One of the issues is to make global climate predictions for this century meaningful to the UK. We are developing a linked set of numerical models to apply global atmospheric predictions to a UK scale. From this we want to predict the associated sea surges, tide and waves, simulate wave propagation into shallow water and show what happens when these waves hit sea walls and the beach. These models will be used to create a set of physically possible outcomes (the ensemble) from which uncertainties in flood predictions can be quantified.

Predictions of beach and sea defence response to each ensemble of storms will establish a statistical description of the ensemble coastal flood risk arising from overtopping and scour.

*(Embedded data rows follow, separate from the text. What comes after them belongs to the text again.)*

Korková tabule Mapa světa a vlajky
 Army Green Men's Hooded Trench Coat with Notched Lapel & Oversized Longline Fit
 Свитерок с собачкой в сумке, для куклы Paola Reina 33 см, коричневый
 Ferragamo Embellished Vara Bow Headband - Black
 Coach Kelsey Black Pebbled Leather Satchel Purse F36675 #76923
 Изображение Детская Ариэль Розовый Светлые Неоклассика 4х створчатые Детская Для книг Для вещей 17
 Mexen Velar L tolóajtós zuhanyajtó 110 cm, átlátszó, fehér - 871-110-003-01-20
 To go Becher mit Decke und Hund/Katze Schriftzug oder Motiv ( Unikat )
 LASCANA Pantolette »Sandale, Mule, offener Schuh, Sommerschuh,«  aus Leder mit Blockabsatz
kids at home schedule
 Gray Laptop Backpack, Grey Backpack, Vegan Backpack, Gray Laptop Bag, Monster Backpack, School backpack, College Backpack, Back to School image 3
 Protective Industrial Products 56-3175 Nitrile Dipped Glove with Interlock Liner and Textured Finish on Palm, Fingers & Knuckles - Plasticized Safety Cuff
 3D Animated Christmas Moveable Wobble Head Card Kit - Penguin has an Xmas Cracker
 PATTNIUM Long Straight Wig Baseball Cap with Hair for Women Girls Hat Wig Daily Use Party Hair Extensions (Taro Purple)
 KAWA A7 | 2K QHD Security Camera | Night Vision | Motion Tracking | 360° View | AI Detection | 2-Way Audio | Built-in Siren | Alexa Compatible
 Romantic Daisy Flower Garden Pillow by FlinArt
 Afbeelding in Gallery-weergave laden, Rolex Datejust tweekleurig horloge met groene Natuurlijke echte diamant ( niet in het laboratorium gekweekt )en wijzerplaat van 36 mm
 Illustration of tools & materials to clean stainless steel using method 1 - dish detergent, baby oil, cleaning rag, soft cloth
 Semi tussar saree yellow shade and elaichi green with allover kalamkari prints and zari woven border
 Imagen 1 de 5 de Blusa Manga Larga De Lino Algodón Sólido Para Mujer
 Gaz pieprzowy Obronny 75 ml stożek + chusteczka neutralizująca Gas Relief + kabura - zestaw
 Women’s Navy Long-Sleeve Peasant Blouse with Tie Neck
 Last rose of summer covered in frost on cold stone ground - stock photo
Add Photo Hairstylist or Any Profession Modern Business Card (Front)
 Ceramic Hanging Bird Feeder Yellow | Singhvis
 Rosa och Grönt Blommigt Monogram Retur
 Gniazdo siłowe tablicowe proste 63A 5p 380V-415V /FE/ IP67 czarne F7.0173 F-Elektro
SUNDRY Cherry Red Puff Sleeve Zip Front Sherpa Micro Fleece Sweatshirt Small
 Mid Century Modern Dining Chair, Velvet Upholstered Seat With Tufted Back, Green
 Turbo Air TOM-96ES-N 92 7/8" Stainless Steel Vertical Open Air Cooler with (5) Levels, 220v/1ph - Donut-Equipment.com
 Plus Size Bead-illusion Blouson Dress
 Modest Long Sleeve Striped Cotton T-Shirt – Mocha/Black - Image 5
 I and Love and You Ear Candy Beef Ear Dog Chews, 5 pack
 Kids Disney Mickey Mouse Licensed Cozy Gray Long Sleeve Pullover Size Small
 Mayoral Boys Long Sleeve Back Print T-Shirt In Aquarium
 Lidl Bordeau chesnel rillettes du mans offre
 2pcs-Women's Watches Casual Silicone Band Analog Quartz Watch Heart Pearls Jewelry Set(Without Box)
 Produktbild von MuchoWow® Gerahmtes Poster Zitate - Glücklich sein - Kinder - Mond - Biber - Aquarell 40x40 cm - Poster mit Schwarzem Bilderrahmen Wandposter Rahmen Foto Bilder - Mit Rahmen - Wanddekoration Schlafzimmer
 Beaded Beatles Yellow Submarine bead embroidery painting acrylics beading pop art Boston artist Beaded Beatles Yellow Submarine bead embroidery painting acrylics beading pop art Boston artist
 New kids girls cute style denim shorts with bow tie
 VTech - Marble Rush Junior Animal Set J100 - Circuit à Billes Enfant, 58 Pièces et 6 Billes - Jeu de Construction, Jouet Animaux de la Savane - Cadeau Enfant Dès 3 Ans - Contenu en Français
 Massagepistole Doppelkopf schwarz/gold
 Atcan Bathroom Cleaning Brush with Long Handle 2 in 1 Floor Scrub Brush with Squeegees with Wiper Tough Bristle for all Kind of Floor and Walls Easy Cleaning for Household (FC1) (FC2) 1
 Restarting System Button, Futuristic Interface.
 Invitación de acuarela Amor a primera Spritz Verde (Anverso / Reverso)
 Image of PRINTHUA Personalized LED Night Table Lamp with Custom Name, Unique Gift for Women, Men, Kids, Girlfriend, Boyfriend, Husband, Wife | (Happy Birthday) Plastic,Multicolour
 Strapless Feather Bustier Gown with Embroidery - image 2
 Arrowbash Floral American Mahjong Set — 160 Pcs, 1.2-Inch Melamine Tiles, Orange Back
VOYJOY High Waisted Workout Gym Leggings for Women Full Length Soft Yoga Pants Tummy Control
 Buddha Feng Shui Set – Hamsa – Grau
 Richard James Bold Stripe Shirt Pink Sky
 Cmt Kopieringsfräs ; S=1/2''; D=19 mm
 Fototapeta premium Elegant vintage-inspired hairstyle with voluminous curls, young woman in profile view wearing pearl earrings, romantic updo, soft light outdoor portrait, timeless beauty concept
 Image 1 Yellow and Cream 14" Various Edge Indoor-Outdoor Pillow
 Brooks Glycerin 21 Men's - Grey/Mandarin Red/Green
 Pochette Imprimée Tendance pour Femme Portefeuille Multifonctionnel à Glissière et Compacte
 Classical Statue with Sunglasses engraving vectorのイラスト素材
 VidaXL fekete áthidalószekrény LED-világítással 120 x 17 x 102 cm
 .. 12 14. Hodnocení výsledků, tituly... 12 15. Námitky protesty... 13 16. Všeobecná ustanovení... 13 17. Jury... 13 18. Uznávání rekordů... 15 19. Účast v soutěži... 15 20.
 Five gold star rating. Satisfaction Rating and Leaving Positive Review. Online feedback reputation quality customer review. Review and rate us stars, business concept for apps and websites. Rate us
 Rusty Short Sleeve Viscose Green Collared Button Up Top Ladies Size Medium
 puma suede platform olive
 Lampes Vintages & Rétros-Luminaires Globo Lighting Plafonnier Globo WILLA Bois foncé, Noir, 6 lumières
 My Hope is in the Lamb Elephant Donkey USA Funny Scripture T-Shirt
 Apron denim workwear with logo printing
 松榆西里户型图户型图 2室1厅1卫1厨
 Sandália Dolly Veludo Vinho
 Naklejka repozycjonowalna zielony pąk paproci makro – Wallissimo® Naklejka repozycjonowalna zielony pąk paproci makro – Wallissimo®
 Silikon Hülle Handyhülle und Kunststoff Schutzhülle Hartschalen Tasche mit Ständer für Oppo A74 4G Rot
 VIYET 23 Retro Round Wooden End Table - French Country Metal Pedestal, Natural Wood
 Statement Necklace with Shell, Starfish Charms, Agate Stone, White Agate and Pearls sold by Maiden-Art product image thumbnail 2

This ensemble system will then let us assess the uncertainty in predicting overtopping and scour as well as the associated coastal flooding, which is particularly large during extreme events. The modelling results will help evaluate how suitable the way we currently design coastal defences is for future extreme events. We will gain an improved understanding of the combined risks of scour and overtopping, together with a measure of the uncertainty in predicting them

Dr Qingping Zou is principal investigator for the EPIRUS project and senior lecturer in coastal engineering at the University of Plymouth. Dominic Reeve is professor of coastal dynamics at the University of Plymouth.